Bethléem en décembre est la muse d’un artiste qui attend depuis un certain temps de s’inspirer. Bethléem en décembre est votre repas maison préféré, préparé par votre mère. C’est un derviche qui danse et tourbillonne, divertissant tout le monde autour de lui et ravissant les yeux. Bethléem est à la fois un régal pour les yeux et un aliment pour une âme douloureuse qui aspire depuis longtemps à être libérée. Bethléem est l’orchestre qui joue le Lac des cygnes de Tchaïkovski en totale harmonie et avec une perfection absolue. Les lumières de Bethléem vont vous inspirer. Bethléem vous fera sentir au chaud comme les conséquences de boire Gluhwein. La ville est un gala de lumières colorées qui brille d’amour, d’espoir et de spiritualité.

Une procession de Noël traditionnelle avec des cornemuseurs jouant pour accueillir un patriarche.

Noël ne serait pas complet sans un arbre. L’arbre de Noël de Bethléem est placé sur la place de la mangeoire. Des centaines de Palestiniens et de pèlerins se rassemblent sur la place pour célébrer le début des célébrations de Noël. L’événement, qui illumine les arbres, accueille un certain nombre de représentants palestiniens et d’éminents invités. Il est largement diffusé, car c’est le coup d’envoi de la saison de Noël. L’allumage de l’arbre ressemble au jour du couronnement de Bethléem, alors que tout le monde se réunit sur la place de la Nativité pour regarder Bethléem porter sa couronne colorée et lumineuse. Une fois l’arbre de Noël allumé, Bethléem devient la reine qui vient de porter sa couronne lumineuse et colorée qui brille à des kilomètres de distance. L’ambiance de joie et de bonheur se répand rapidement parmi les cueilleurs. Si vous êtes mécontent parce que pour de nombreuses personnes dans le monde, le sapin de Noël semble caractériser et dominer Noël – des sapins somptueux et volumineux décorés avec les derniers ornements les plus extravagants – vous serez heureux de venir à Bethléem. Pour nous, Palestiniens, Noël est représenté par la modeste petite grotte dans laquelle Jésus est né. Si Noël autour du monde est la lumière, les décorations, les cadeaux – à Bethléem, Noël est sans prétention, Noël est modeste et Noël est authentique.

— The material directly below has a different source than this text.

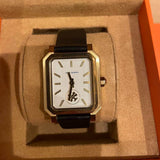 Tory Burch Robinson White Dial Black Leather Strap Watch for Women - TBW1504 Buy Now By Tory Burch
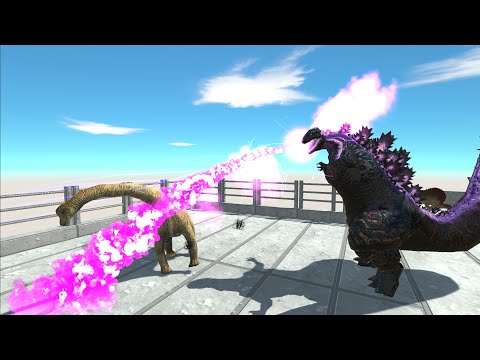 SHIN GODZILLA DEATH RUN - Animal Revolt Battle Simulator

Le cadre unique des activités de Noël à Bethléem est un autre élément riche à la fois sur le plan historique et culturel. Située dans la partie historique de Bethléem, juste en face de l’église de la Nativité, la place du mangeoire est la place principale de toutes les célébrations de Noël. À partir de début décembre, elle accueille le marché de Noël qui a lieu chaque saison de Noël et constitue un endroit idéal pour trouver des cadeaux magnifiques et uniques. Le marché propose un large éventail de produits d’art et d’artisanat: broderies et bijoux faits à la main par des Palestiniens, artisanat en bois d’olivier et en nacre – anciennes professions de Bethléemites – ainsi qu’une grande variété de friandises de Noël traditionnelles: spécialités locales et délices gastronomiques spéciaux. pour la table de dîner de Noël. L’événement attire des centaines de visiteurs qui viennent errer dans les vieilles rues étroites de Bethléem. Comme la place du Mangeoire est située à seulement quelques minutes de la rue de l’Etoile, flâner sur ce site unique classé au patrimoine mondial et observer le magnifique style architectural de ses bâtiments peuvent être très amusants et constituent certainement une expérience unique strictement palestinienne.

♦ Je ne crois pas à la lumière au bout du tunnel; Je crois que nous portons la lumière en nous et qu’elle nous guidera à travers les ténèbres des allées.

Ayez vous même un joyeux petit Noël, Que votre cœur soit léger!
À partir de maintenant, vos ennuis seront hors de vue.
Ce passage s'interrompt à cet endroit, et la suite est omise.